PHP Chinese Word segmentation simple Implementation code sharing _php skills

Source: Internet
Author: User
Tags php class
Of course, this article is not to do research on Chinese search engines, but to share if using PHP to do a site search engine. This article is an article in this system.
The word breaker I use is the Ictclas of the open source version of the CAS Computing Institute. There are also open source Bamboo, and I will then investigate the tool.
Starting from Ictclas is a good choice, because its algorithm spread more widely, there are open academic documents, and the compilation is simple, the library relies on less. But currently only provides the C + +, Java and C # version of the code, and no PHP version of the code. What do we do? It may be possible to learn from its C + + source and academic documentation, and then develop a PHP version out of it. However, I want to use interprocess communication to invoke the C + + version of the executable file in the PHP code.
Download the source code after decompression, in the C + + Development Library and the compilation environment of the machine directly make Ictclas can. Its Makefile script has an error, and the code that executes the test does not add '. /', of course not as successful as under Windows execution. However, it does not affect the compilation results.
Chinese word of the PHP class is in the following, with the Proc_open () function to execute the word breaker, and through the pipeline and its interaction, input to the text to be participle, read the word segmentation results.
Copy Code code as follows:

<?php
Class nlp{
private static $cmd _path;
Do not end with '/'
static function Set_cmd_path ($path) {
Self:: $cmd _path = $path;
}
Private function cmd ($STR) {
$descriptorspec = Array (
0 => Array ("Pipe", "R"),
1 => Array ("Pipe", "w"),
);
$cmd = self:: $cmd _path. "/ictclas";
$process = Proc_open ($cmd, $descriptorspec, $pipes);
if (Is_resource ($process)) {
$str = Iconv (' utf-8 ', ' GBK ', $str);
Fwrite ($pipes [0], $STR);
$output = Stream_get_contents ($pipes [1]);
Fclose ($pipes [0]);
Fclose ($pipes [1]);
$return _value = Proc_close ($process);
}
/*
$cmd = "printf ' $input ' |". Self:: $cmd _path. "/ictclas";
EXEC ($cmd, $output, $ret);
$output = Join ("\ n", $output);
*/
$output = Trim ($output);
$output = Iconv (' GBK ', ' utf-8 ', $output);
return $output;
}
/**
* To the word, return the list of words.
*/
function Tokenize ($STR) {
$tokens = Array ();
$output = Self::cmd ($input);
if ($output) {
$ps = Preg_split ('/\s+/', $output);
foreach ($ps as $p) {
List ($seg, $tag) = explode ('/', $p);
$item = Array (
' Seg ' => $seg,
' Tag ' => $tag,
);
$tokens [] = $item;
}
}
return $tokens;
}
}
Nlp::set_cmd_path (DirName (__file__));
?>

It is simple to use (make sure that the Ictclas compiled executables and dictionaries are in the current directory):
Copy Code code as follows:

<?php
Require_once (' nlp.php ');
Var_dump (Nlp::tokenize (' Hello, world! '));
?>

Contact Us

The content source of this page is from Internet, which doesn't represent Alibaba Cloud's opinion; products and services mentioned on that page don't have any relationship with Alibaba Cloud. If the content of the page makes you feel confusing, please write us an email, we will handle the problem within 5 days after receiving your email.

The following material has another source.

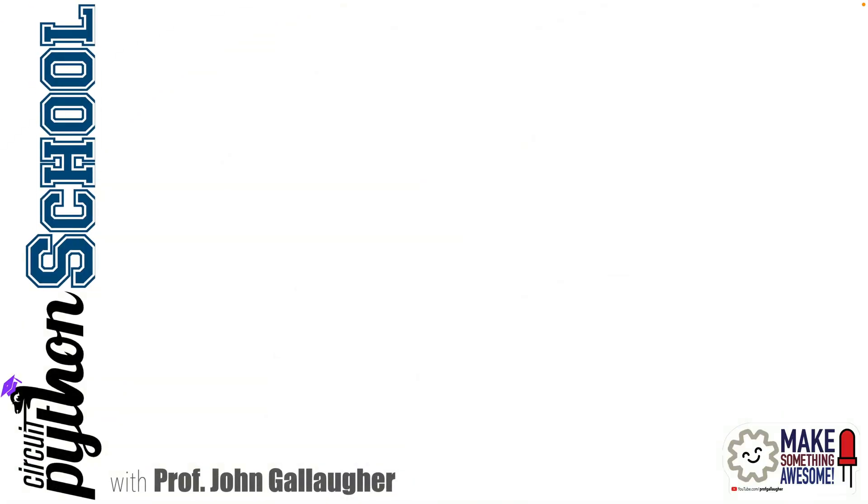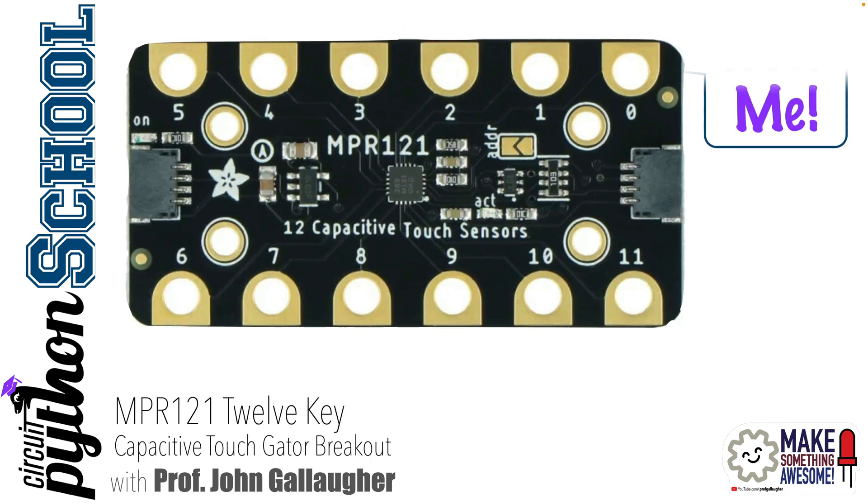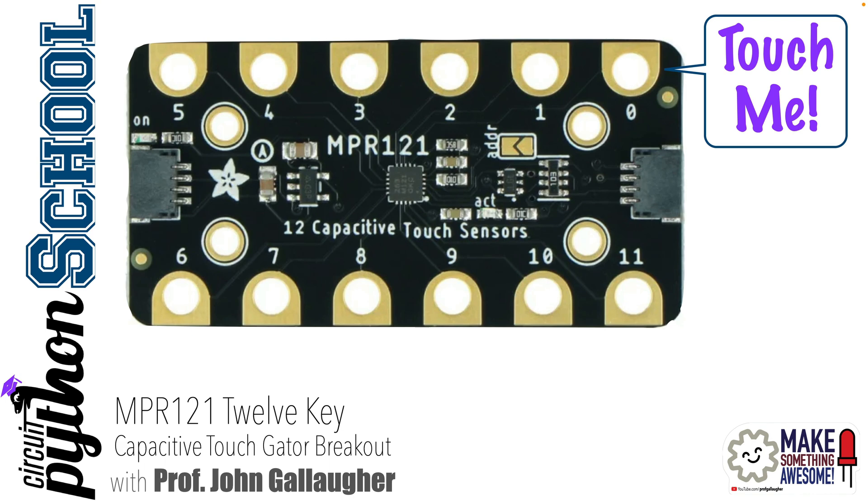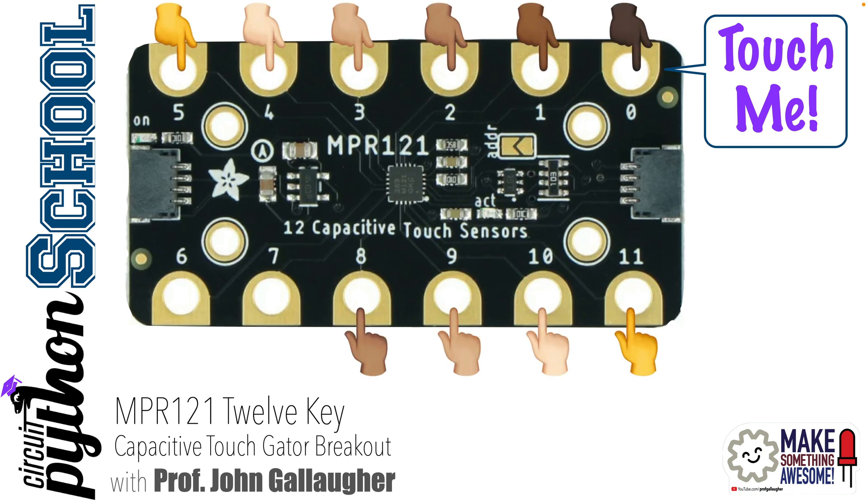Python Pals, this is Prof G, and I'm touched that you continue to watch our CircuitPython lessons, which is appropriate because we're about to work with Capacitive Touch using the Adafruit MPR-121 STEMMA-QT Breakout Board, which offers a touchingly large 12 capacitive touch pads, each of which is alligator clip friendly, and which can sense your capacitive presence or that of any other object that can convey capacitance.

If you find any instances of plagiarism from the community, please send an email to: info-contact@alibabacloud.com and provide relevant evidence. A staff member will contact you within 5 working days.

A Free Trial That Lets You Build Big!

Start building with 50+ products and up to 12 months usage for Elastic Compute Service

  • Sales Support

    1 on 1 presale consultation

  • After-Sales Support

    24/7 Technical Support 6 Free Tickets per Quarter Faster Response

  • Alibaba Cloud offers highly flexible support services tailored to meet your exact needs.